設定が終わればOKボタンを押します。しばらくして「shoutcastサーバーへの接続に成功しました。」とダイアログが表示されれば放送の準備は完了です。

放送を止めるときは,メニュー「オプション」「Enable live broadcasting」を選択するか,Ctrl+Lを押すことで可能です。

リスナー側の設定

サーバーと配信の設定ができたので,リスナー側の設定をしてストリーミングを聞いてみましょう。この時,DJしながら聞くことは難しいため,Auto DJで曲を流しっぱなしにしてチェックすると便利です。

聞き方ですが,Rhythmboxなどの大抵の音楽プレイヤーはインターネット・ラジオ局の再生メニューとしてIcecastのストリーミング再生機能を提供しています。音楽プレーヤのインターネット・ラジオ局登録メニューを開き(Rhythmboxでは「再生」⁠-⁠新しいインターネット・ラジオ局」⁠Icecast2サーバーのアドレス「http://Icecast2配信サーバー名:8000/マウントポイント 」を登録して再生すると聞けます。

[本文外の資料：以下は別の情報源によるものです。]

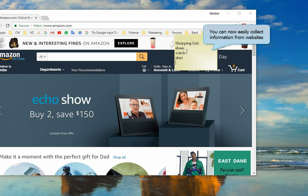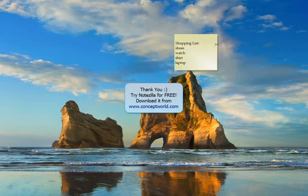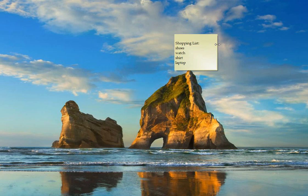Very useful when collecting information online from various websites. Try this really useful feature today. Download Notezilla for free from our website www.conceptworld.com. Thank you!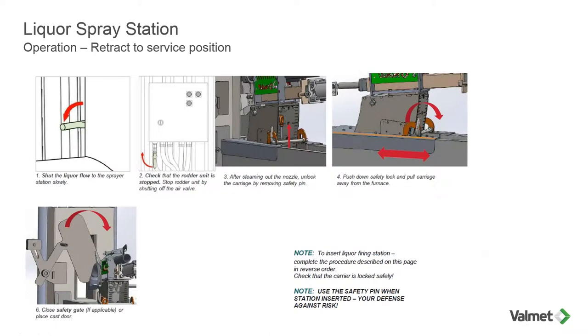Let's talk about retracting the liquor spray station to the service position. One of the first design considerations was personnel safety — we want to put this liquor spray station in a safe working environment to prevent any type of safety mishap. The O&M manual is very detailed, and I would recommend incorporating these procedures into your own local procedures. Starting off: follow any applicable lockout/tagout requirements, but simply secure the liquor flow. Also secure the rotter mechanism so that the cutter doesn't actuate. Next, pull the safety pin and this whole unit will slide back to the retracted position and lock in a safety position. Then the blowback-approved safety door is closed, and now the operator is in a safe position to change out the nozzle or do whatever maintenance is required.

問題がなければ,あとは友人にストリーミングサーバーのアドレスを教えてMixxxをプレイしましょう!

著者プロフィール

のがたじゅん

Debian JP Projectメンバー。普段は関西Debian勉強会やDebian Liveで活動中。ほかにはオープンソースカンファレンスKansai@Kyotoの実行委員や地元,兵庫県姫路市でIT系勉強会「姫路IT系勉強会」の主催。そしてラジオに出たりDJイベントに出たりと,よくわからない人物になってきました。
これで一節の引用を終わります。